If classical psychedelics are in fact safe, where did all of the scary psychosis stories come from in the first place? The simple answer is media coverage, which, as everyone knows, sometimes over-blows certain fears, particularly when those fears are culturally resonant. The slightly more complicated answer has to do with a misunderstanding of what is causing what. “Psychedelics are psychologically intense, and many people will blame anything that happens for the rest of their lives on a psychedelic experience,” said Krebs in a Nature write-up of the new research by Zoe Cormier. The same goes for friends and family members: They might see a loved one fall victim to some mental illness and blame it on past psychedelic use, even if that psychedelic use didn’t in fact cause the affliction. (It’s hard to blame anyone for making this mistake, of course, given that even the top experts in the world don’t fully understand the causes of many mental illnesses.)

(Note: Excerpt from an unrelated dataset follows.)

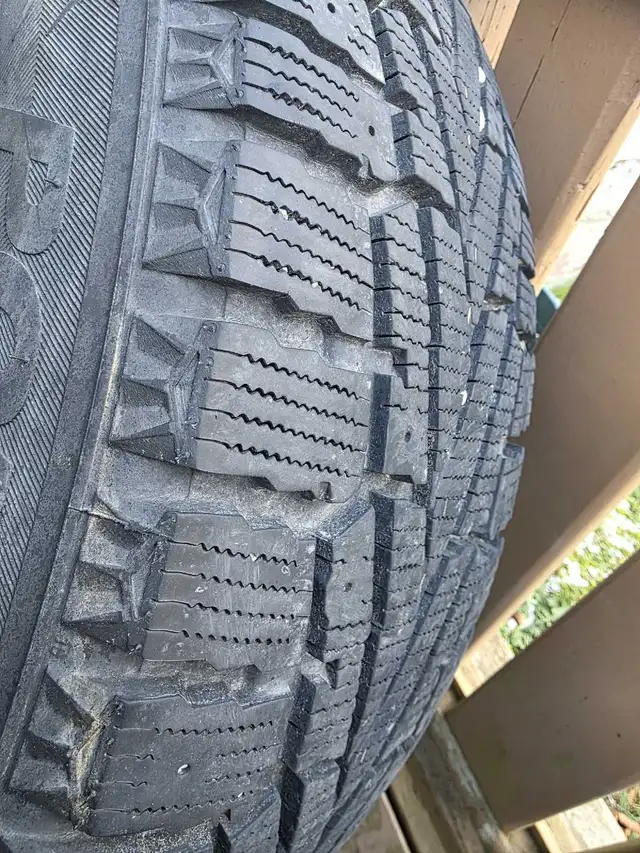 Winter tire 2pcs  225/65/R17 in Tires & Rims in Yarmouth - Image 4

Both of these studies have a couple of limitations that are worth noting: One is that, as the researchers acknowledge, there are natural shortcomings to self-reported data, because people may sometimes report their habits or experiences inaccurately, intentionally or not (though, on the other hand, it’s often harder to get data sets of this size when you’re not relying on self-reported data, and bigger is better from a scientific perspective). The studies also left some drugs out — Nature noted that “[t]he authors did not include ketamine, PCP, MDMA, fly agaric mushrooms, DMT or other drugs that fall broadly into the category of hallucinogens,” because these drugs work differently on a biochemical and neurological level. (In that article, Nature quoted Johansen as acknowledging that PCP and ketamine, for example, can be dangerously addictive — LSD and ‘shrooms, on the other hand, are not considered to be addictive.)

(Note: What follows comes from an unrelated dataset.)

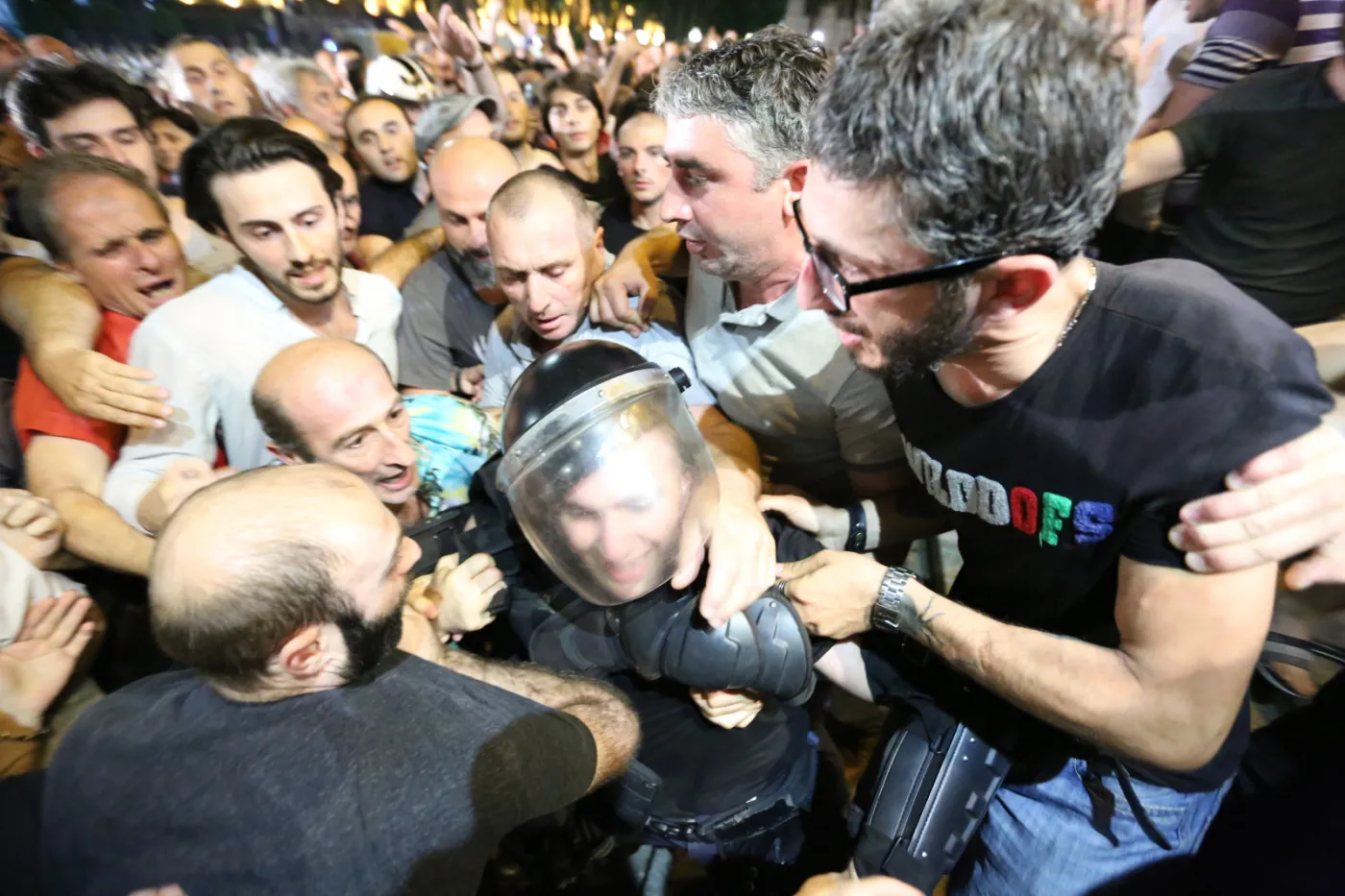 12412139-protesty-w-gruzji.jpg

But combined with the growing body of research that has failed to buttress the dangerous view of psychedelics that first took hold in the 1960s, these two studies would certainly seem to support a hastening of what Hendricks and his co-authors referred to as the “[g]radual return to research on classic psychedelics” that has occurred as the initial cultural panic over their use has waned a bit over the last 30 or so years. The problem is that despite the therapeutic promise these substances have shown — and, just as important, despite evidence that when used responsibly they aren’t linked to adverse effects — psilocybin and LSD remain Schedule I controlled substances in the U.S. (PDF), meaning it’s extremely hard to conduct the sorts of rigorous experiments that would be required to definitively pin down exactly what they can and can’t do. In fact, some researchers want to run these sorts of studies but don’t bother because of the many bureaucratic hurdles that hinder them.

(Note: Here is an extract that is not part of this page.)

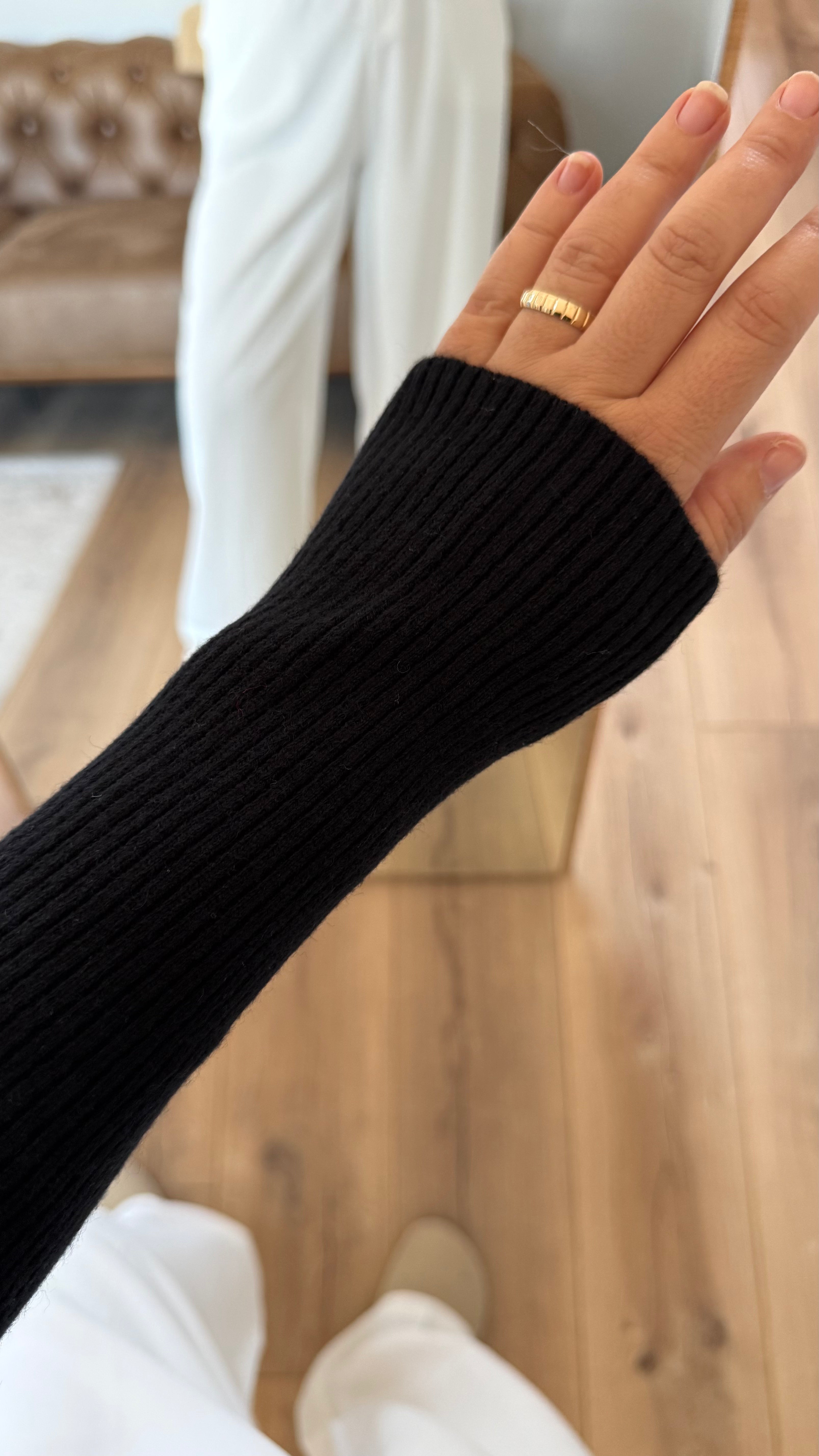 BİSİKLET YAKA DÜĞMELİ TRİKO KAZAK SİYAH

That said, in various labs around the country this research is going on, hurdles notwithstanding, and in an email, Hendricks laid out what he saw as the way forward, now that the myth that classical hallucinogens are inherently dangerous has been mostly debunked. “I believe the most important next steps are evaluating the efficacy of classic psychedelics in treating suicidality as well as suicide pathogenesis [that is, what leads to suicidality], namely affective disturbance (i.e., mood disorders), substance misuse (i.e., addiction), impulsive-aggressive personality traits, traumatic histories, and neurocognitive dysfunction,” he said.
If classical psychedelics can help treat even a fraction of these conditions, it will have been worth the wait — and the decades of what appears to have been unnecessary fearmongering.